Jewish Life

By transmitting values, children’s books are the Chanukah gifts that keep giving

By Deborah Fineblum/

Chanukah and children’s books go together like latkes and applesauce.

In fact, Chanukahs of old often included a book, its pages spotted with droplets of candle wax. In its pages the brave Maccabees once again defeat the Syrian Greeks, a tiny cruse of oil keeps the temple’s menorah aglow for a miraculous eight days, children spin dreidels for chocolate gelt (money) and you can almost smell the sizzling latkes.

These days, the marketplace overflows with books that can warm up the coldest Chanukah night. The books reflect both the holiday’s miracles and the nuances of growing up Jewish in the 21st century.

“We’re seeing an exciting diversity in kids’ Chanukah books now,” says Joy Getnick, director of Jewish life at the Louis S. Wolk Jewish Community Center of Greater Rochester. One of the best parts of her job: funneling children’s books into the JCC’s preschool, books Getnick test-drives with her two-year-old son.

Experts say there’s a certain quality of magic in the best of these books – making them the kinds of gifts that keep giving.

“They have to celebrate being Jewish in a diverse world and transmit powerful values to the new generation,” Getnick tells

“They have to make the child wonder what’s going to happen next,” says Lyndall Miller, who directs the Jewish Early Childhood Education Leadership Institute, where the Jewish Theological Seminary and Hebrew Union College – Jewish Institute of Religion provide leadership training and Jewish learning to directors of early childhood centers.

“They have to give Jewish children a sense of pride and inclusion,” says Rachel Kamin, a book reviewer, judge and editor who directs the Joseph and Mae Gray Cultural & Learning Center at North Suburban Synagogue Beth El in Highland Park, Ill.

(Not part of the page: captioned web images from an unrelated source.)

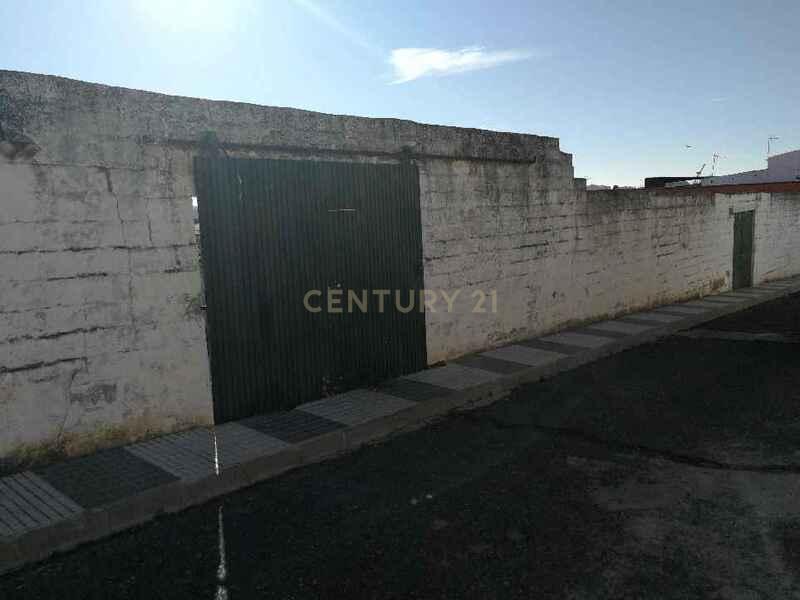 Terreno - Image 15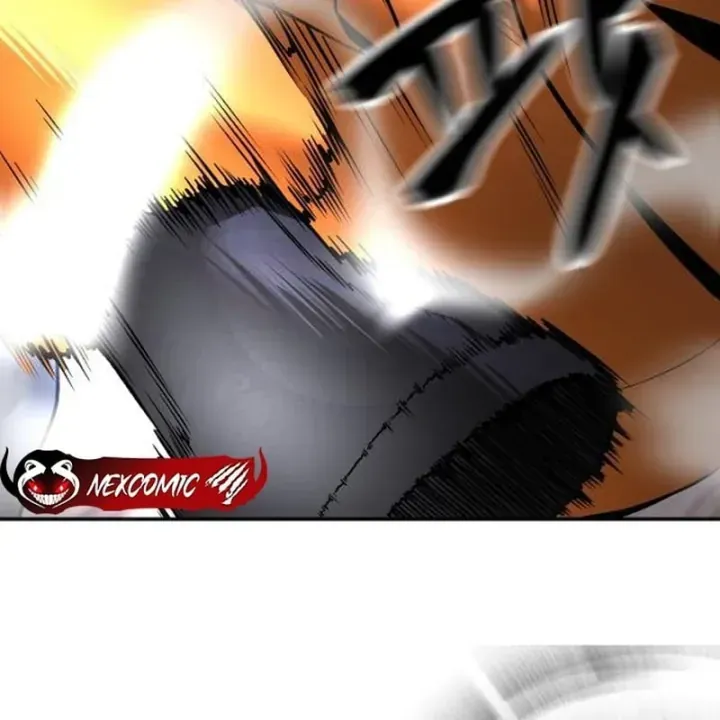 Chapter 189 - Trang 85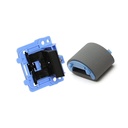 Conjunto de Pick Roller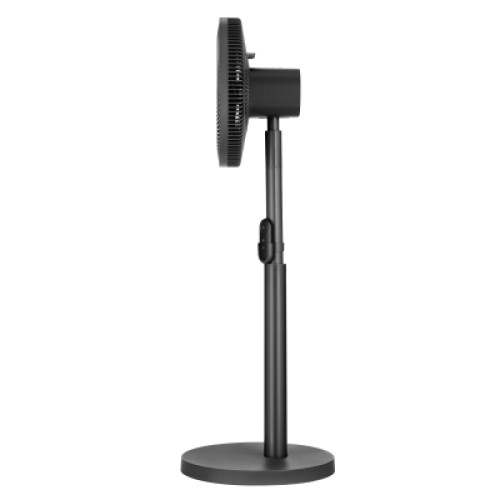 Вентилятор Cooper&Hunter CH-RFF1270RT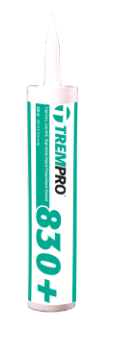 Trempro 830 Plus Slate Gray Sealant
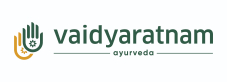 Vaidyaratnam Ayurveda Device mark 6581261 Trademark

Chanukah-themed children’s books “help us see how the miracles in our own lives reflect the miracle” of the holiday, says Meredith Lewis, director of content and engagement for the Harold Grinspoon Foundation’s PJ Library program, which distributes nearly 200,000 Jewish children’s books to families in the U.S., Canada and elsewhere.

As of press time, publishers were still rolling out new Chanukah releases, but several titles had already surfaced. Among them are Little Red Ruthie: A Chanukah Tale by Gloria Koster, a spin on Little Red Riding Hood; and Queen of the Chanukah Dosas by Pamela Ehrenberg, featuring a family celebrating with spicy Indian food.

“You can smell the curry coming off this wonderful new book,” says Lewis, noting that Queen of the Chanukah Dosas and Little Red Ruthie made it into PJ Library’s fall lineup. Other notable new releases include Judah Maccabee Goes to the Doctor by Ann Koffsky; Way Too Many Latkes: A Chanukah in Chelm by Linda Glaser; and The Missing Letters: A Dreidel Story by Renee Londner.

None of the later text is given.